━━━ Excerpted records ━━━

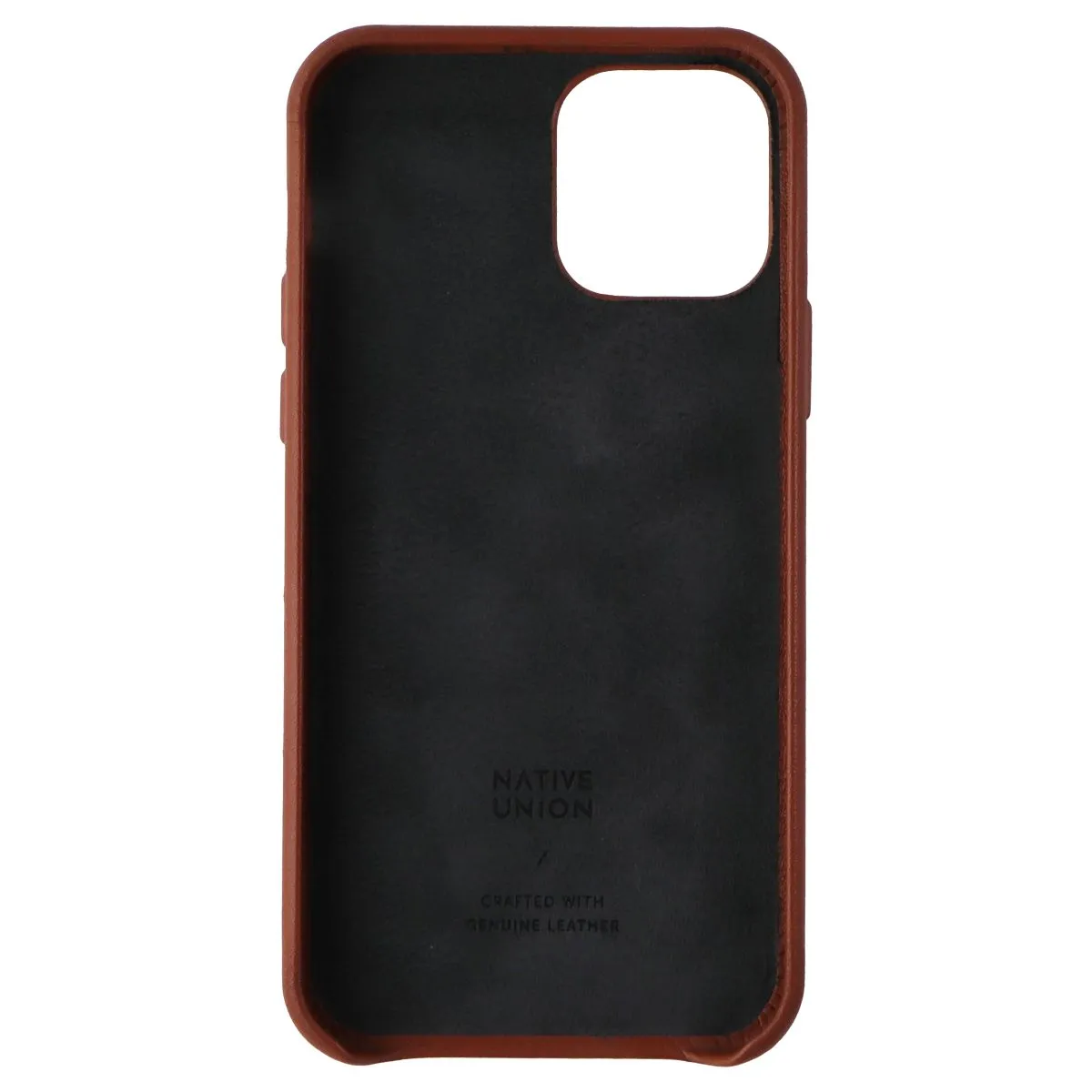 Native Union Clic Card for Apple iPhone 12 Pro/12 - Tan Leather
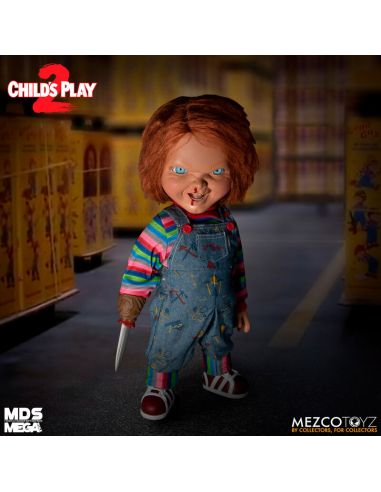 Muñeco Chucky 38 cm - Mezco Toys - Chucky el muñeco Diabólico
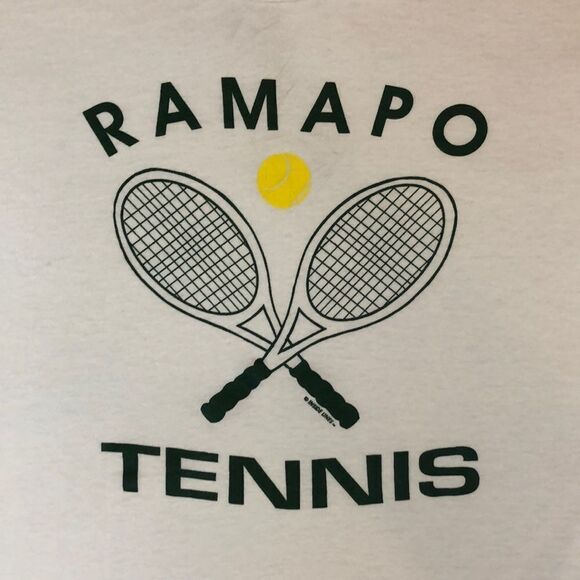 Vintage 1990’s Single Stitch High School Tennis Team Tee | X-Large - Picture 2 of 8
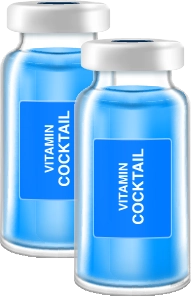 vitamin cocktail graphic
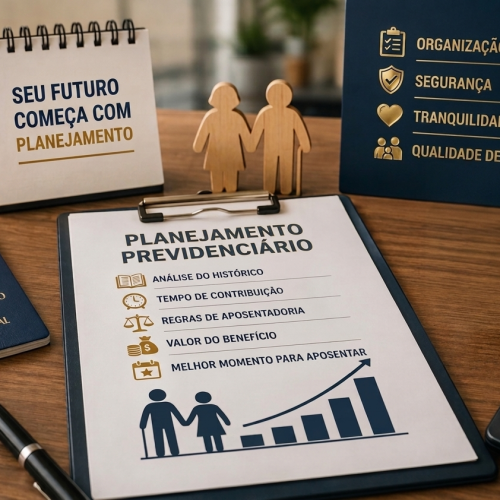Planejamento Previdenciário: entenda o que é e por que ele é importante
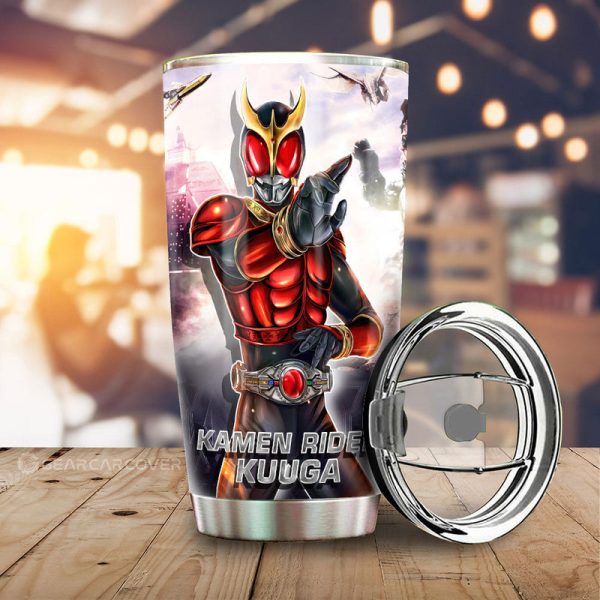 Kuuga Tumbler Cup Custom Kamen Rider Car Accessories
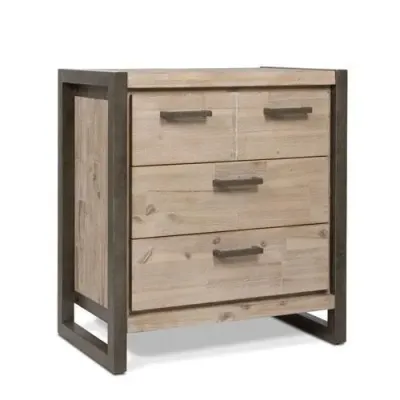 Комод Loft NS-255 930x750x400 мм Черный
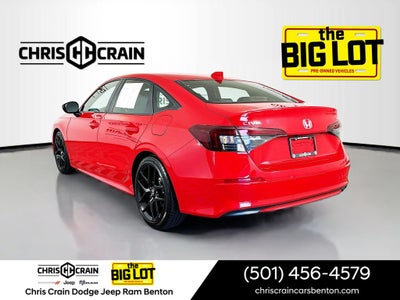 2025 Honda Civic Sedan Sport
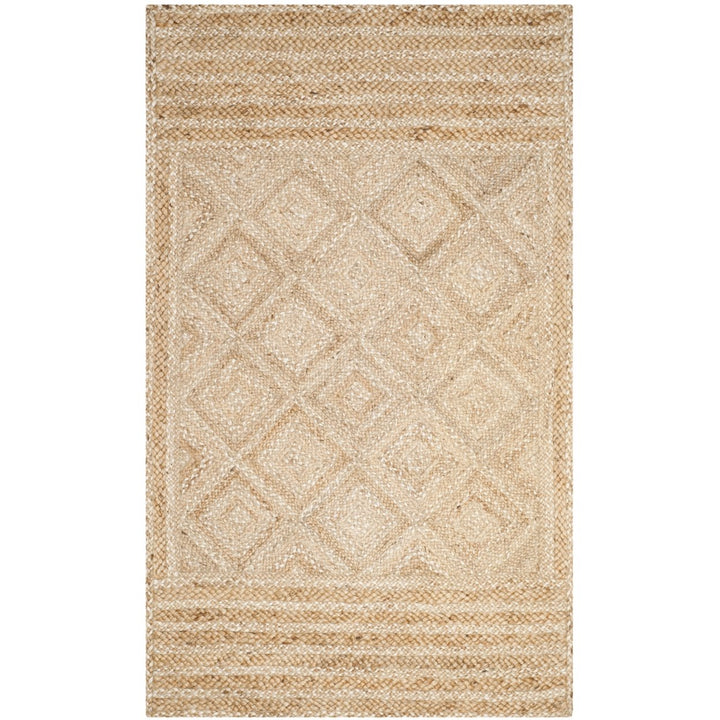 SAFAVIEH Natural Fiber NF925A Handwoven Natural Rug Image 4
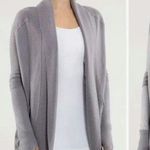 Lululemon Gray Transformation Wrap Open Front Cardigan Sweater 6 Photo 0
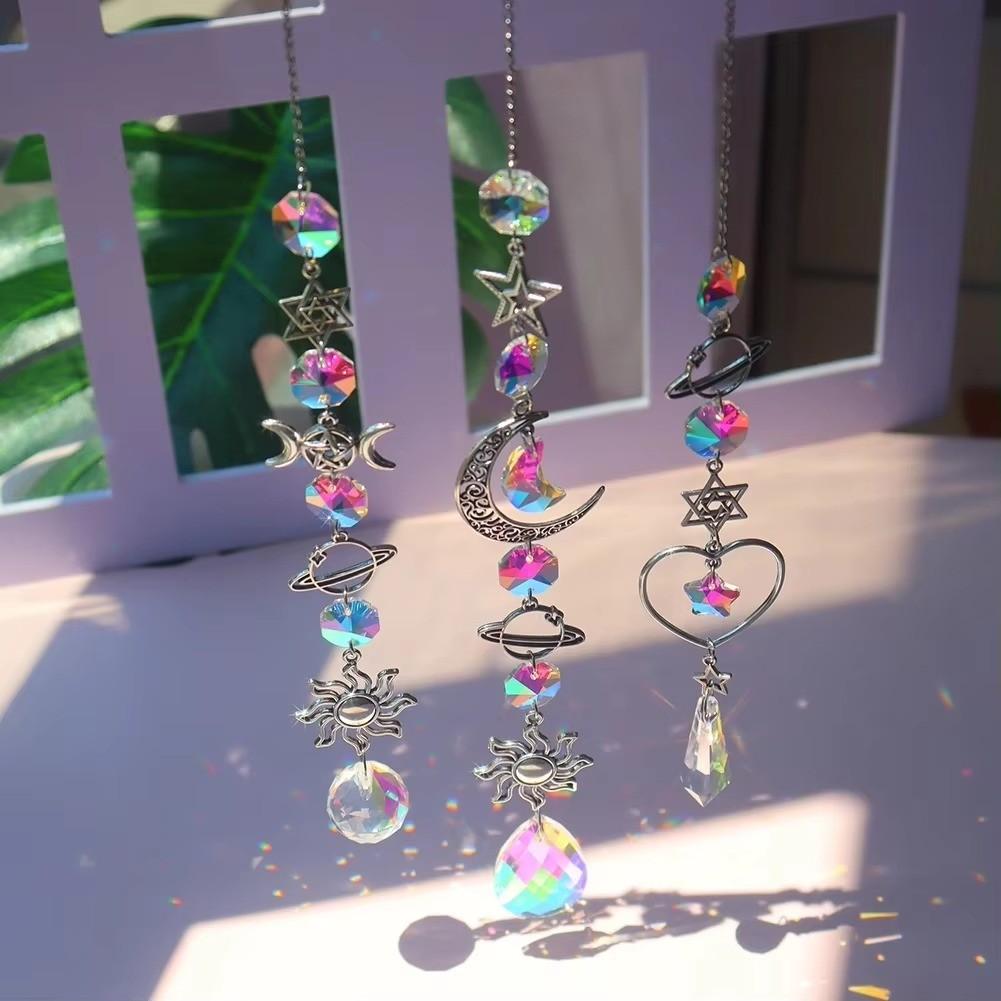 Huitich A - Express Crystal Wind Chime for Home Decor - Mumzar
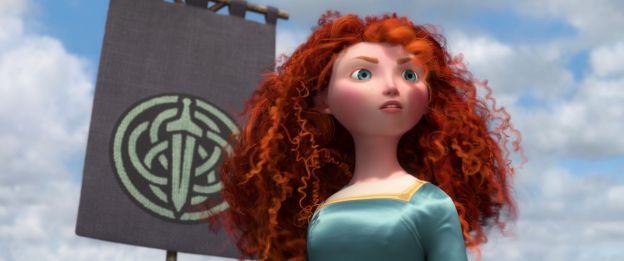 4. Brave (  Mark Andrew, Brenda Chapman & Steve Purcell 2012)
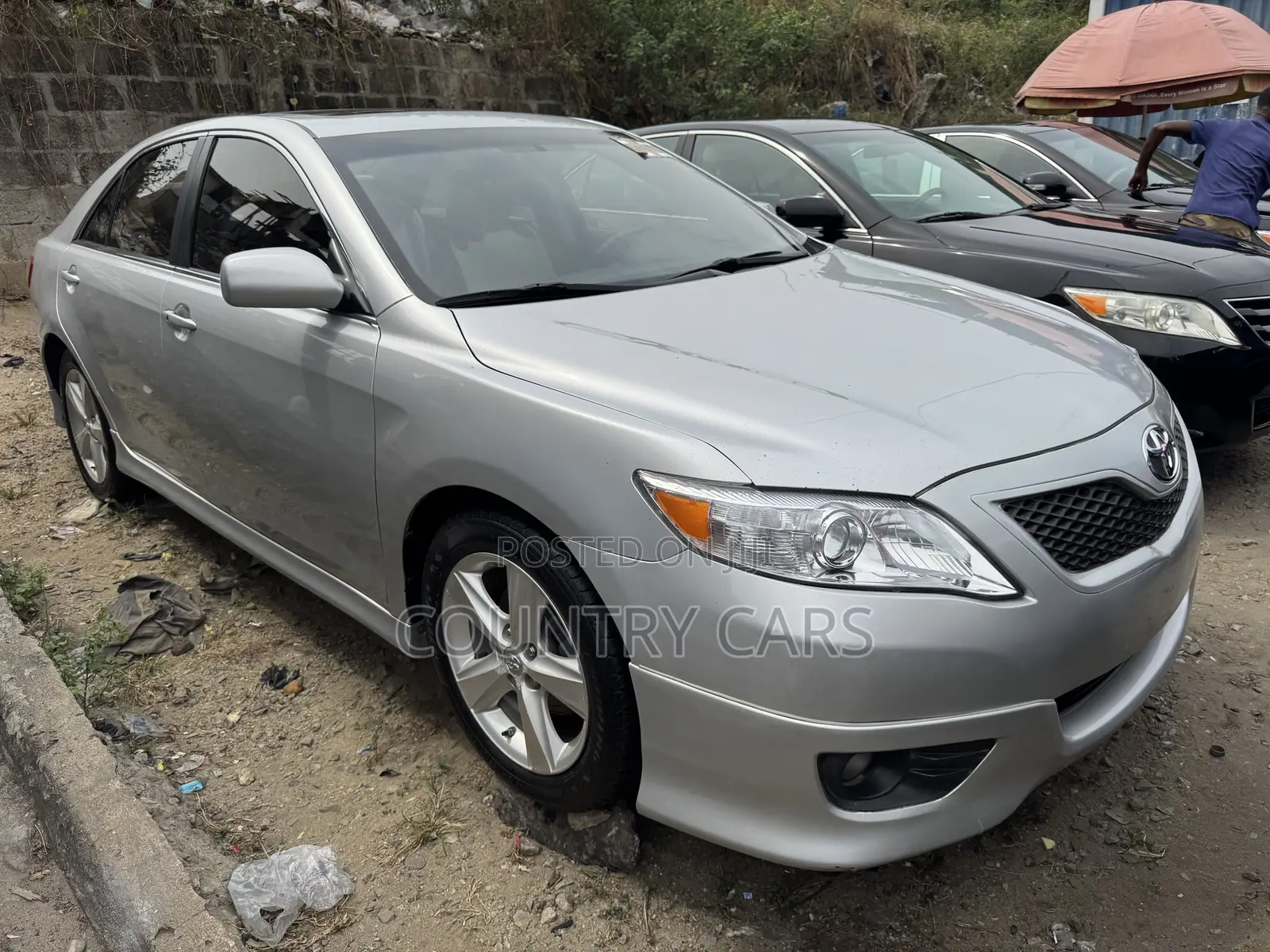 Toyota Camry 2010 Silver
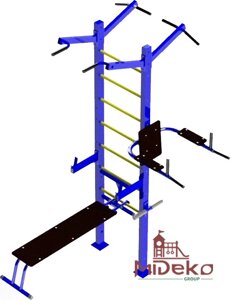 Універсальний спортивний вуличний тренажер - 201 "MIDEKO"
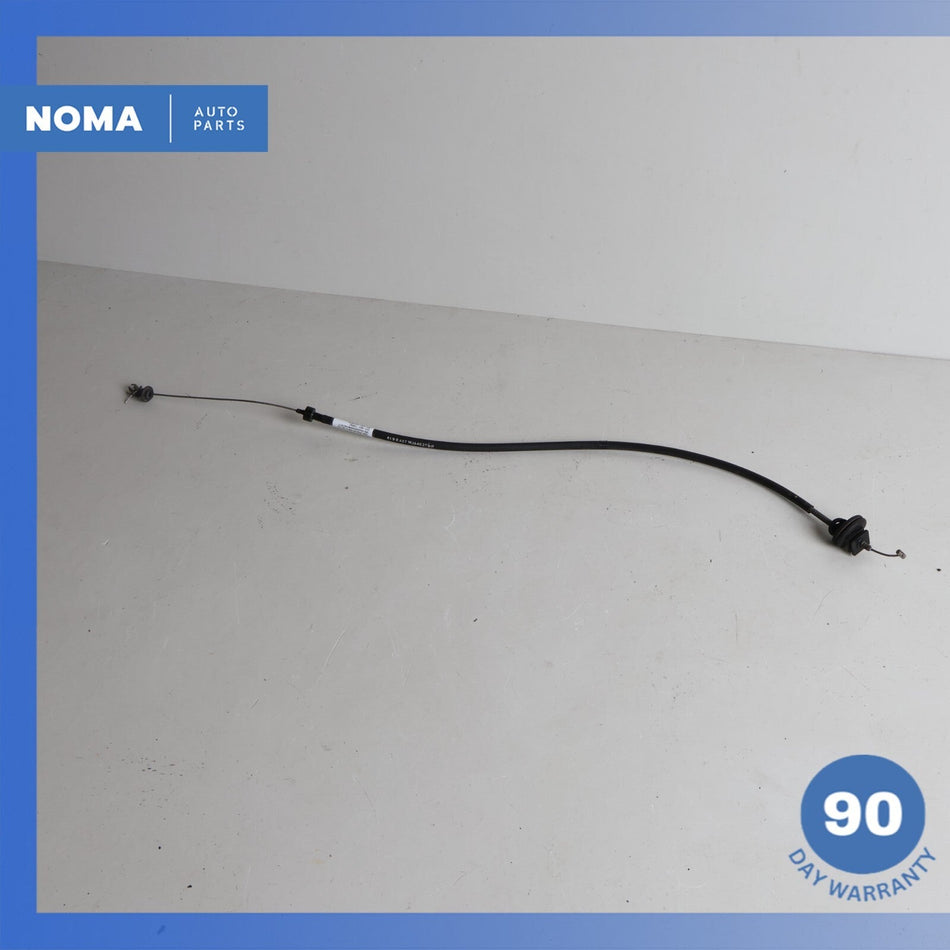 97-02 Jaguar X100 XK8 Throttle Accelerator Gas Pedal Cable Line MJA4620BD OEM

━━━

▶ _Activity_
Drop the images; restate the listing exactly.

▶ _Response below_
 Native Union Clic Card for Apple iPhone 12 Pro/12 - Tan Leather
 Muñeco Chucky 38 cm - Mezco Toys - Chucky el muñeco Diabólico
 Vintage 1990’s Single Stitch High School Tennis Team Tee | X-Large - Picture 2 of 8
 vitamin cocktail graphic
Planejamento Previdenciário: entenda o que é e por que ele é importante
 Kuuga Tumbler Cup Custom Kamen Rider Car Accessories
 Комод Loft NS-255 930x750x400 мм Черный
 2025 Honda Civic Sedan Sport
 SAFAVIEH Natural Fiber NF925A Handwoven Natural Rug Image 4
 Lululemon Gray Transformation Wrap Open Front Cardigan Sweater 6 Photo 0
 Huitich A - Express Crystal Wind Chime for Home Decor - Mumzar
 4. Brave (  Mark Andrew, Brenda Chapman & Steve Purcell 2012)
 Toyota Camry 2010 Silver
 Універсальний спортивний вуличний тренажер - 201 "MIDEKO"
 97-02 Jaguar X100 XK8 Throttle Accelerator Gas Pedal Cable Line MJA4620BD OEM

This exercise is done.